Patty Judge, a former Iowa lieutenant governor and state agriculture secretary, is expected to announce her challenge this weekend to Mr. Grassley, who is seeking a seventh Senate term and had previously been seen as having little opposition to re-election. [...] Ms. Judge, a nurse by profession, has been a political fixture in Iowa for decades, serving in the State Senate, as secretary of agriculture -- the first woman to hold that post -- then as lieutenant governor. She and her husband own a cow and calf farm in rural southern Iowa. Democrats had wooed her to challenge Mr. Grassley for some time, but she had demurred until now, because Mr. Grassley has been extremely popular in the state.
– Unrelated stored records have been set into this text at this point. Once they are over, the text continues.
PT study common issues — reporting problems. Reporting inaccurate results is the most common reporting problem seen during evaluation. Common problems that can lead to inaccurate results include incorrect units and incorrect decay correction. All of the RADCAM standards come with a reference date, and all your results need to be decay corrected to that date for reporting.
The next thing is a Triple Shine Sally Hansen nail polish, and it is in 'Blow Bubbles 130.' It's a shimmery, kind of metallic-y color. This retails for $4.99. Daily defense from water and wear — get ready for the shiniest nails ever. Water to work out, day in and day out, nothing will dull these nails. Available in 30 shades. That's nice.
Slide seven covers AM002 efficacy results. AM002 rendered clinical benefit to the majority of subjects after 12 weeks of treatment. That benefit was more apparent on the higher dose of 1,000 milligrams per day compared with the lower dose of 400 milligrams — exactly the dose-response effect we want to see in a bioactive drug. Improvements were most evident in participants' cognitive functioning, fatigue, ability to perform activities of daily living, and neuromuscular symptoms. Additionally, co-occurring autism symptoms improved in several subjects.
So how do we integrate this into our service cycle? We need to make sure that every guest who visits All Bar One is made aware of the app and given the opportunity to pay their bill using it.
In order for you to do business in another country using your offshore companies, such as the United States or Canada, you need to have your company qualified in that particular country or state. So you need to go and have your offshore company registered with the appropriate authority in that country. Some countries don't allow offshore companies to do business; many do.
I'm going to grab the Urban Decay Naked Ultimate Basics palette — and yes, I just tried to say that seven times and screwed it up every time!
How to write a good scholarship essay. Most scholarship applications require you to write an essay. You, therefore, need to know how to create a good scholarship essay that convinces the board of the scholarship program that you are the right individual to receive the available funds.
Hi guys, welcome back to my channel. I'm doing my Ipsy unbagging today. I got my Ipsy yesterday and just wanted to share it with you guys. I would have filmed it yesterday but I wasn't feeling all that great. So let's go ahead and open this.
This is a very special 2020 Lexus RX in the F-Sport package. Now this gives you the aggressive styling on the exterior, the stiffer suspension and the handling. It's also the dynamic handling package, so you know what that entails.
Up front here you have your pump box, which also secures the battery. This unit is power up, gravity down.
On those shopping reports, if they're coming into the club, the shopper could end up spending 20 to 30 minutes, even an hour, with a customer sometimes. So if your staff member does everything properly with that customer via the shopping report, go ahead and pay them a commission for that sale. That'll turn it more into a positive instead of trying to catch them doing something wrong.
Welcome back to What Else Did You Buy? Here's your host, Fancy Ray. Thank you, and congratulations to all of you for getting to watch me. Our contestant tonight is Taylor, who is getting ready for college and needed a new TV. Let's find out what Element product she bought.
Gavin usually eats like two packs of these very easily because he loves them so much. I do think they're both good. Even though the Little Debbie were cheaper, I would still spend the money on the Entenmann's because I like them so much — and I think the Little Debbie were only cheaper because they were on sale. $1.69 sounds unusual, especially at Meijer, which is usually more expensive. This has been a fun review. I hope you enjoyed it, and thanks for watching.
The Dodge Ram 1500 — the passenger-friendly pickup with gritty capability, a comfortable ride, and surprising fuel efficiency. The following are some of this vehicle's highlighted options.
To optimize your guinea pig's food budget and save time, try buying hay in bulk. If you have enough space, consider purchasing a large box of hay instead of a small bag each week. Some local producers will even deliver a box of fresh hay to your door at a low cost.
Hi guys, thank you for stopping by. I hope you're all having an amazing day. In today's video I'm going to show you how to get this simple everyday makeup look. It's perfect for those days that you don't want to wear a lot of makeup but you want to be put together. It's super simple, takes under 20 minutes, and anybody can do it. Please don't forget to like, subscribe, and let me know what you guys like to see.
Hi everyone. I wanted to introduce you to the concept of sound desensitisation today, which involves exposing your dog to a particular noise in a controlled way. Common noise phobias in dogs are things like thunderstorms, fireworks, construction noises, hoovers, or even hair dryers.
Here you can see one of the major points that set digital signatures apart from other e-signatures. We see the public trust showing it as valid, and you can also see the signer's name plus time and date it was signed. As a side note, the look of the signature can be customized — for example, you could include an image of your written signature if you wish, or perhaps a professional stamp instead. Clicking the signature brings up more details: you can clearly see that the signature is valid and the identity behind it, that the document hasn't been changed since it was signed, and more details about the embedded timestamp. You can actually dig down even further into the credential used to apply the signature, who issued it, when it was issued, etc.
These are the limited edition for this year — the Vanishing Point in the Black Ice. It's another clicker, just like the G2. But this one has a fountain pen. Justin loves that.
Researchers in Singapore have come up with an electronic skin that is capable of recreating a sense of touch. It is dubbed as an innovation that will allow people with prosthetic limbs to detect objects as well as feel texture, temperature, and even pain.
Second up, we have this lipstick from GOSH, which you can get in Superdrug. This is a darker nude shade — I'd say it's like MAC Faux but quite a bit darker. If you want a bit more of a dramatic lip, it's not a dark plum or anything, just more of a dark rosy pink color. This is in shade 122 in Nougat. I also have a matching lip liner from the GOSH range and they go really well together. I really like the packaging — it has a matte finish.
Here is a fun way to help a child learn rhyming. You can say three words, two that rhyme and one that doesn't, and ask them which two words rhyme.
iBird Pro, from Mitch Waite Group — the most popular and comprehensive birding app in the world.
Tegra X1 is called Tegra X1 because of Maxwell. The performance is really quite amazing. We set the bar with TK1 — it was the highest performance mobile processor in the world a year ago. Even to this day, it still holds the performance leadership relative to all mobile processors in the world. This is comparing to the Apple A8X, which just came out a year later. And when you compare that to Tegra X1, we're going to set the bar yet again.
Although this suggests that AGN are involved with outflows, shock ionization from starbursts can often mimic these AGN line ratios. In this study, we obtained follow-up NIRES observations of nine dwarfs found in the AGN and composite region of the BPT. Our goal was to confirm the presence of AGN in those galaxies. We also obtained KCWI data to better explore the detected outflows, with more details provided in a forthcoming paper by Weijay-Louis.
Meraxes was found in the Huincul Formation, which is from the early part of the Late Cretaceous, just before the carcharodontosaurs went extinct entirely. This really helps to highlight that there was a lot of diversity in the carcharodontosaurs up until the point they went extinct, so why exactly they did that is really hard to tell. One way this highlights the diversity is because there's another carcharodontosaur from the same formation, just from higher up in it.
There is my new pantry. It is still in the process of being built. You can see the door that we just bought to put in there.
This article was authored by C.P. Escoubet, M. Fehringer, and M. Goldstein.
At the start of every election cycle, there's broad agreement about which races are likely to matter most. Months before voters even think about casting ballots, it's usually pretty easy to tell which races will be nail-biters, which will be landslides, and which will be somewhere in between.
Iowa Sen. Chuck Grassley (R), for example, was seen as such a lock for re-election, I'd actually forgotten he was up this year. The Republican incumbent has an amazing electoral track record -- since getting elected to the Senate 36 years ago, Grassley won his closest race by 31 points -- and Democrats who bother to challenge him are generally seen as sacrificial lambs.
But in so many ways, 2016 is turning out to be a year of unexpected developments. The New York Times reported yesterday that, all of a sudden, a "formidable Democratic challenger" is ready to take on Grassley.
If the reporting is accurate, Judge sees an opportunity that didn't exist before -- and so do Democrats.
Part of this dynamic is driven by Grassley's genuinely ridiculous handling of the Supreme Court vacancy, and the degree to which the pressure is causing him to seemingly unravel. The Iowan is in an incredibly important position as chairman of the Senate Judiciary Committee, and by any fair measure, Grassley's doing a truly horrible job.
Indeed, news organizations -- and even some Republicans -- in Iowa are hammering Grassley for his scandalous partisan tantrum, causing many to rethink his re-election odds.
The fact that Grassley this week began fundraising off the controversy, even while whining about Democrats "politicizing" the court vacancy, only added insult to injury.
But for Democrats on a national level, the prospect of a divided and chaotic Republican Party, and even a possible Donald Trump nomination, has changed expectations about the entire election cycle.
And if Chuck Grassley is no longer seen as a safe bet for re-election, who is?